Moreover, DACA children in the U.S. have had the benefit of a free education, some through college, and free health care (not available in Mexico) and years of welfare benefits, which would give them significant advantages if they returned to Mexico, which needs such educated people. Many have abused the U.S. tax system, claiming unqualified dependents, illegally claiming Earned Income Credits, using false/stolen Social Security numbers, and so one. We watch DACA recipients easily leave home to go to college, but then are told they cannot go to Mexico, the major destination of American tourists and where thousands of Americans live.

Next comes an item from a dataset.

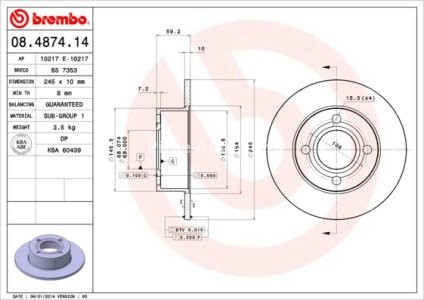 Disc frână BREMBO, spate,  pentru: AUDI 100 C3, 80 B3, 80 B4, 90 B2, 90 B3, CABRIOLET B3, COUPE B2, COUPE B3 1.6-2.8 08.82- 3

Mexico is an advanced country, No. 12 in the world in GDP. In spite of its very real problems (Have you all visited Chicago or Baltimore recently?), it is an incredibly rich and beautiful country, which needs educated citizens for its culture and economy. We would not be sending DACA recipients or illegal aliens to Hell, but to a great country, which needs and wants them (in spite of the potential loss of billions of dollars in remittances, $120 billion in total, $23 billion to Mexico).
Mexico exports its problems to the U.S., and receives $23 billion in remittances annually, while U.S. employers gain cheap employees. The economic advantages to some are clear, but it is morally wrong.
Wayne Hatch
The Register Guard
September 11, 2017

I find it rather sad that there are so many of our state and local politicians, local leaders, and citizens who want to support illegal entrants over citizens of the United States.

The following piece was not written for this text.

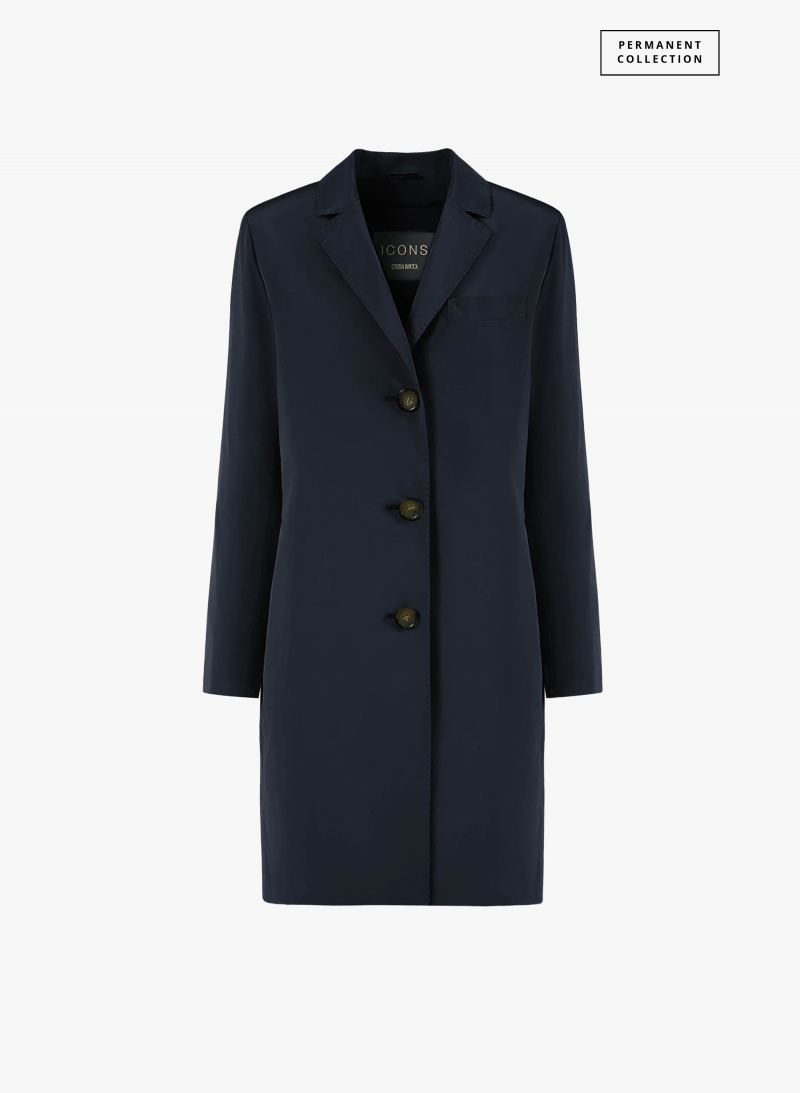 Rainproof technical nylon blue masculine overcoat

I know that in the liberal town of Eugene it is considered heresy to make a statement like that. However, as Attorney General Jeff Sessions has said, we are a nation of laws that need to be followed.

Since many of our elected leaders support not following immigration laws today, what laws will they not want to follow tomorrow? Maybe tomorrow there will be no penalty for robbery, murder, rape, speeding, abusing a child, not following affirmative action or allowing a pet to overheat in a car.

For the benefit of all the citizens of the United States, we need to follow all the laws of our country. If you don’t like a law, do what President Trump just did with Obama’s Deferred Action for Childhood Arrival executive order. He asked Congress to take a look at it and add or modify the law as it saw fit.

Please don’t allow state and local politicians and leaders to spend one cent of our tax dollars fighting for something that clearly needs to be addressed by Congress.

David Luck
Portland Tribune
September 7, 2017
Reading the "My View" in the Aug. 24 Portland Tribune by Rep. Diego Hernandez, it seems anything he does not agree with is "hate speech." He also apparently believes that only his views are protected by the First Amendment. It is worth noting that the people that Oregonians for Immigration Reform are focused on are people who have violated federal law (in many cases, multiple laws): The "immigrants" Hernandez sides with are lawbreakers, pure and simple, and must be subject to the laws of the United States of America like the rest of us. 
Hernandez goes on to attempt to tie requiring adherence to the laws of the land to "white supremacy" — a ludicrous position on the face of it. The bottom line is that folks who support groups like OFIR are "racist" only if "criminal" is a race.
That Hernandez believes he should be able to dictate to the Tribune what it does and does not print certainly says something about him.